[[ Supplied data open ]]

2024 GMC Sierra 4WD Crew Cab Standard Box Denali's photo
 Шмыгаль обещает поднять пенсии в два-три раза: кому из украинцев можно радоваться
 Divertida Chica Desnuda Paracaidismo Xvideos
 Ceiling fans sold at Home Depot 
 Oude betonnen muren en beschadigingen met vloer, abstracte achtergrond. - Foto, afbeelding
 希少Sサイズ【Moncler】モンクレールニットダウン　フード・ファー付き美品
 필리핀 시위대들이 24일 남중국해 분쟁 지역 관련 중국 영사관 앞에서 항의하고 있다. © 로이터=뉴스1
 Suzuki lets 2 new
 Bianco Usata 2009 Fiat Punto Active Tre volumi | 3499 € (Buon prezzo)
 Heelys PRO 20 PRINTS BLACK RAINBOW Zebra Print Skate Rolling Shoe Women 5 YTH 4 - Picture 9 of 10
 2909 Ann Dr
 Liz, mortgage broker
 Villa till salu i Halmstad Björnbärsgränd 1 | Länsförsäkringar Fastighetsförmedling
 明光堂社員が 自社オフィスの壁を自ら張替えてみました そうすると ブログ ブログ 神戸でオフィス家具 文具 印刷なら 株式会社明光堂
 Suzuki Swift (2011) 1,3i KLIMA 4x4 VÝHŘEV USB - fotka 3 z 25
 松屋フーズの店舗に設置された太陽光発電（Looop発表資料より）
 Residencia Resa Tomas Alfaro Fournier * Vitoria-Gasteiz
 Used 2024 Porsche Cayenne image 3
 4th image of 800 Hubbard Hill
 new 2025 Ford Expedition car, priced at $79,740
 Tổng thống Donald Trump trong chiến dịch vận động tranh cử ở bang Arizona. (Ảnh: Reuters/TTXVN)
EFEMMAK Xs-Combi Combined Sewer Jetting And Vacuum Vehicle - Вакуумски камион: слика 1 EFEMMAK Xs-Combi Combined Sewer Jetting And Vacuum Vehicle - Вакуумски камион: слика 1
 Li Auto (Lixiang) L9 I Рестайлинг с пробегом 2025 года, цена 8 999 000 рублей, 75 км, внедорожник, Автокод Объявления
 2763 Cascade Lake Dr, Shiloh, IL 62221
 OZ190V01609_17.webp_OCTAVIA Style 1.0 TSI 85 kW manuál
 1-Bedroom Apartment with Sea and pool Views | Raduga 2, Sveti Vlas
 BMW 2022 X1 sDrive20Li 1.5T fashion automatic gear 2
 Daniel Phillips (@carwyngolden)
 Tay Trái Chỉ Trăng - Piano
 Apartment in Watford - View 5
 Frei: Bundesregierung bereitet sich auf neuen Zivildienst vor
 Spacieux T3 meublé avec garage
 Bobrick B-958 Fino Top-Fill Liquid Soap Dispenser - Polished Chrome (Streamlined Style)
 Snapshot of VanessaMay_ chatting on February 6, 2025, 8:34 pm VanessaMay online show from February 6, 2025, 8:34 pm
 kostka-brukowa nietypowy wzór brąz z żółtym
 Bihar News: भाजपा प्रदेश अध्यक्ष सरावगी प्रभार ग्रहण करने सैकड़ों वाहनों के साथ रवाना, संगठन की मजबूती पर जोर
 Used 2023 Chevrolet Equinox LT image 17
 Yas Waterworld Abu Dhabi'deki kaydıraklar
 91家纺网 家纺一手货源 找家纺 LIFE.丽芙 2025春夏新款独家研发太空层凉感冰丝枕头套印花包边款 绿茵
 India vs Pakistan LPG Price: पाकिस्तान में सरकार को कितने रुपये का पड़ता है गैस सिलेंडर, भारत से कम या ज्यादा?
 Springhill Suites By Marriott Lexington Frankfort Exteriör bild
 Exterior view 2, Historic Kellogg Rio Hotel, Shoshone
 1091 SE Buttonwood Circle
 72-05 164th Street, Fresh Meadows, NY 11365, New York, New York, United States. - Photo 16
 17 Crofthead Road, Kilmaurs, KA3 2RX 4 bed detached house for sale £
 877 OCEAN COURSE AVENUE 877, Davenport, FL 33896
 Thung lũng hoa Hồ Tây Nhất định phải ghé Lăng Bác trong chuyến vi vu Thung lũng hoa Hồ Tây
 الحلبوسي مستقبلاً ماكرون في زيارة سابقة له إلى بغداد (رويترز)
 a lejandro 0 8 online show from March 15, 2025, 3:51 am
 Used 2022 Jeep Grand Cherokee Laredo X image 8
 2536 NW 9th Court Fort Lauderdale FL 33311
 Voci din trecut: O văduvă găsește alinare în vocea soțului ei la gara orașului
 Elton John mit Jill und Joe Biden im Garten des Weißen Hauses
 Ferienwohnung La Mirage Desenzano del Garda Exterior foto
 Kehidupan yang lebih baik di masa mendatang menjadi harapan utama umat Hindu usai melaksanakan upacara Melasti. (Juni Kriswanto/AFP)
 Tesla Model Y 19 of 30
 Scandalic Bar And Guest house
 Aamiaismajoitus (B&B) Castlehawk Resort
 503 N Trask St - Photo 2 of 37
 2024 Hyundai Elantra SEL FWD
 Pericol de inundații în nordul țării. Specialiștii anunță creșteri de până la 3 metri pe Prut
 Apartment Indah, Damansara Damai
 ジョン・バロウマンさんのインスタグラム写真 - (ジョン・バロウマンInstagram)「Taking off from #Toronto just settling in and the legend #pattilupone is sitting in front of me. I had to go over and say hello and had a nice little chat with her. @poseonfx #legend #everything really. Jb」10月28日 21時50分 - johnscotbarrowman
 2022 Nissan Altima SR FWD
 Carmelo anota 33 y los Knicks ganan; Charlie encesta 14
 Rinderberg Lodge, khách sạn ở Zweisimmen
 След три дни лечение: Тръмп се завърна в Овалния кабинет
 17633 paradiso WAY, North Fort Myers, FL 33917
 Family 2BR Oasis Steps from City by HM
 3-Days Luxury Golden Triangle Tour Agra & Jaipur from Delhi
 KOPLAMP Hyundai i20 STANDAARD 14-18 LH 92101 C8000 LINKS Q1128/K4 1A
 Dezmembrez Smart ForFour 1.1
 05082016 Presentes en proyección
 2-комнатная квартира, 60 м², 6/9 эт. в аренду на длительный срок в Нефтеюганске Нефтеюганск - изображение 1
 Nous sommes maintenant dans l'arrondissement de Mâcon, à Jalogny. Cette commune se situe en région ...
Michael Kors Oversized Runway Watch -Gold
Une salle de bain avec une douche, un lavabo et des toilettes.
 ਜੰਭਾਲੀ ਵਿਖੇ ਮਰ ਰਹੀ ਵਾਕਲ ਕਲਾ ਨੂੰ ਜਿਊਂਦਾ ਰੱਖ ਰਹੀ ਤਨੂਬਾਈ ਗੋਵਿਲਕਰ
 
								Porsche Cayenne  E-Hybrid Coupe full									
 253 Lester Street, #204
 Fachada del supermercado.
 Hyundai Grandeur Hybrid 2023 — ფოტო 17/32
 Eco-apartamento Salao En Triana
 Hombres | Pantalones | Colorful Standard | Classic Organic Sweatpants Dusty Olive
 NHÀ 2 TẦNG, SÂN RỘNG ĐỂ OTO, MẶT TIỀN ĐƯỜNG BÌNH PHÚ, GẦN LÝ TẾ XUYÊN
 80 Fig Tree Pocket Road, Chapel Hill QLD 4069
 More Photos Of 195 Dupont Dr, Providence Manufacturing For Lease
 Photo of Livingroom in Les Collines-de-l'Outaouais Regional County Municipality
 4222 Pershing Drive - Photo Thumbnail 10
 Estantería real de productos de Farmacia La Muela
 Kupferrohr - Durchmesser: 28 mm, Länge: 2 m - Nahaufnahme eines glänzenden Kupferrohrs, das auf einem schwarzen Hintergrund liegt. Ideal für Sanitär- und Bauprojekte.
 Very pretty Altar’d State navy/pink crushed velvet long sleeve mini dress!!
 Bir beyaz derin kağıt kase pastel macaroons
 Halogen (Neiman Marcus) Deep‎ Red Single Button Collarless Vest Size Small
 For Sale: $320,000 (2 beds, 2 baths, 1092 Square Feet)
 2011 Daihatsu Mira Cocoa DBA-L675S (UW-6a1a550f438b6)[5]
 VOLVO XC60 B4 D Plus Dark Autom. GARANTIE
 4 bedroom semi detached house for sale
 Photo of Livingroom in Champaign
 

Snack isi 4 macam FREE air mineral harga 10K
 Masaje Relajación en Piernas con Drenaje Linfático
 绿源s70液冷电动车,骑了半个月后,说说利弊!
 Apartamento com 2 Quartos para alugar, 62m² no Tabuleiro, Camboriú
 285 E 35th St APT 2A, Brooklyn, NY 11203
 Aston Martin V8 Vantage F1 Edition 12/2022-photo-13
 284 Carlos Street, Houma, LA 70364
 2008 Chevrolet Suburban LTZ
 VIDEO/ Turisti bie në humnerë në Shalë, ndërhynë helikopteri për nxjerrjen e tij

[[ Supplied data closed ]]

Instructions to follow:
The answer should be a single number: the count of lines in the data that include the string "image".

Answer to the problem:
4